Interesting article in the MIT Sloan Review on “Where Process-Improvement Projects Go Wrong“.  It compares process improvement projects to the behavior of a metal spring, by dividing into three phases:

  1. Stretching – at the beginning, a small team is motivated to succeed, and has support of executives.  A six sigma or process improvement coach helps them navigate some of the harder issues to make sure they stay on target and achieve early success, which causes additional initiatives to be kicked off.
  2. Yielding – As the process improvement coach is removed, teams begin to revert back to prior behavior, or lose the ability to get the team objectively past some of the harder sticking points.  Executive attention, and perhaps some of the best team members, has moved to other projects.  Performance starts to retreat, though not necessarily to pre-improvement levels.
  3. Failing – the vicious cycle begins “With the improvement expert long gone and no additional training in Six Sigma or other improvement strategies provided by the aerospace company, team members became increasingly discouraged by their failure to build on earlier success. They eventually stopped caring about the improvement project, partly because it wasn’t tied to their performance reviews.”

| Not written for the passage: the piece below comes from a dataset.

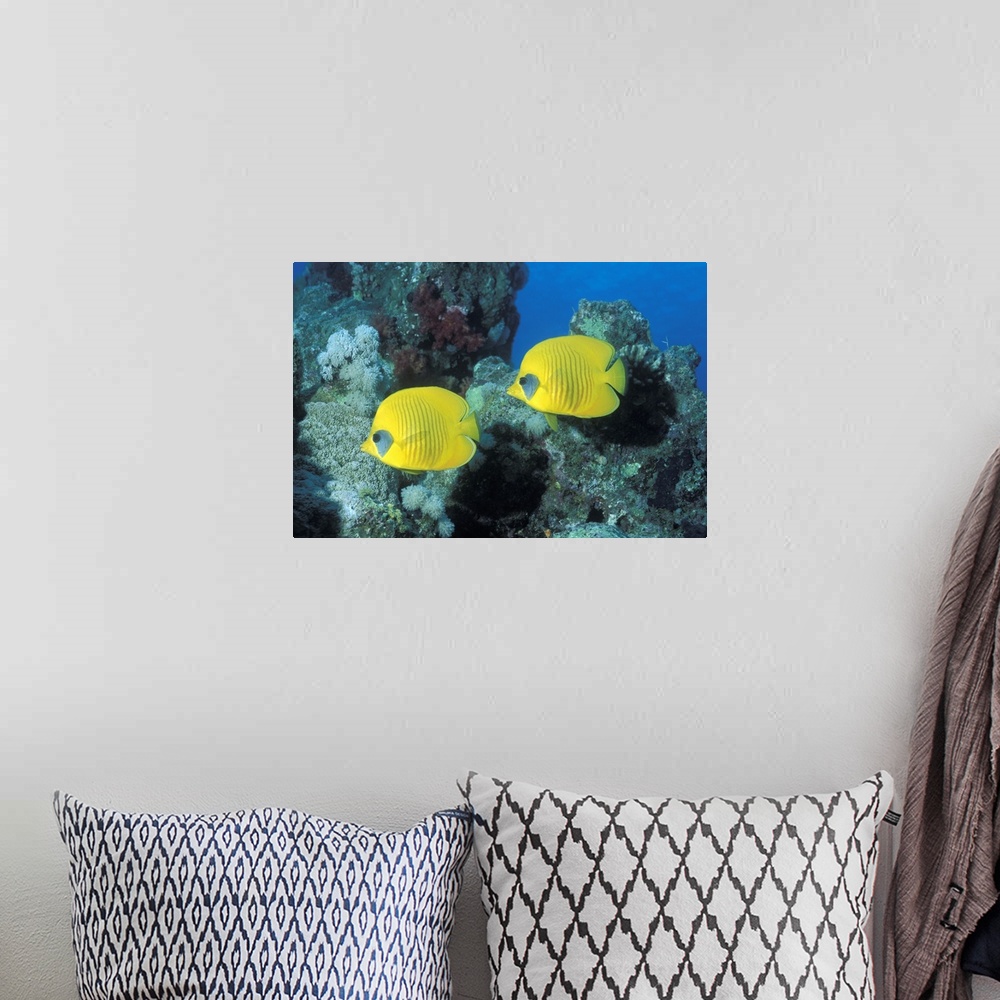 A bohemian room featuring This large picture was taken under water of two yellow fish swimming in front of coral.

Well, I feel motivated, how about you? Luckily we are not springs, we’re people, and we can be a bit more creative about avoiding this inglorious “failing” phase than the author imagines.

The article author proposes 4 lessons learned from the many companies they studied for this report:

  1. Keep the improvement expert around longer – or share this expert among more than one team to spread the cost – but the recommended term was 2 years, augmented by training managers to pick up these responsibilities.
  2. Performance appraisals tied to improvement.
  3. Keep teams small (less than 10).
  4. Executives need to directly participate in the projects, not just receive reports from someone who has incentive to focus on only the good news.

This isn’t bad advice, it is good advice to start.  But it is insufficient and unlikely to cause organizations to suddenly get higher success rates with process improvement.

What did they miss?  Well, they missed BPM, is what they missed.  One of the reasons BPM is a “killer app” for process improvement is that when you discover the most effective changes to make for your process, you can put them into software, not just into a book of Standard Operating Procedures that your team will quickly forget about.  And your improvements aren’t just things that people on the team learn and practice, nor just things that they pass on to others on adjacent teams – they are things that get encoded into your process.  The software gives you:

  • Some resistance to the “yielding” phenomenon described in the study results.
  • Accurate measurement over time – no dependence on manual measurement techniques that may degrade as team members lose interest in the stop watch and other manual measurement techniques.
  • The ability to “bake in” an improvement and move on to the next thing, rather than get stuck in a high-cost maintenance of the first improvement.
  • A “control” baked into the software.  (Six Sigma has standard approach called DMAIC – define, measure, analyze, improve, control… and BPM software directly addresses D, M, and C, and supports the A and I activities…)  So often the “failing” phase is because the organization loses focus.  Software doesn’t lose focus – it just keeps running.

Too often, the proponents of Lean and Six Sigma ignore technology because they view it as an impediment, failing to understand that there is more to technology than MiniTab or SAS/SPSS or Excel.  And if technology allows you to do something at lower cost, such as a process improvement project, or maintaining an improvement over time, then it shouldn’t be dismissed out of hand.  But it is easy to understand why they sometimes see tech as an impediment – deploying software takes time – and during the initial phases of improvement the improvement guys just want to move fast.  My take is – don’t let the tech get in the way, but don’t pretend it can’t dramatically improve the efficiency of your business – in fact, technology, and specifically BPM software, is likely the key to locking in the gains you seek to establish a “new normal” that is a more efficient and effective process.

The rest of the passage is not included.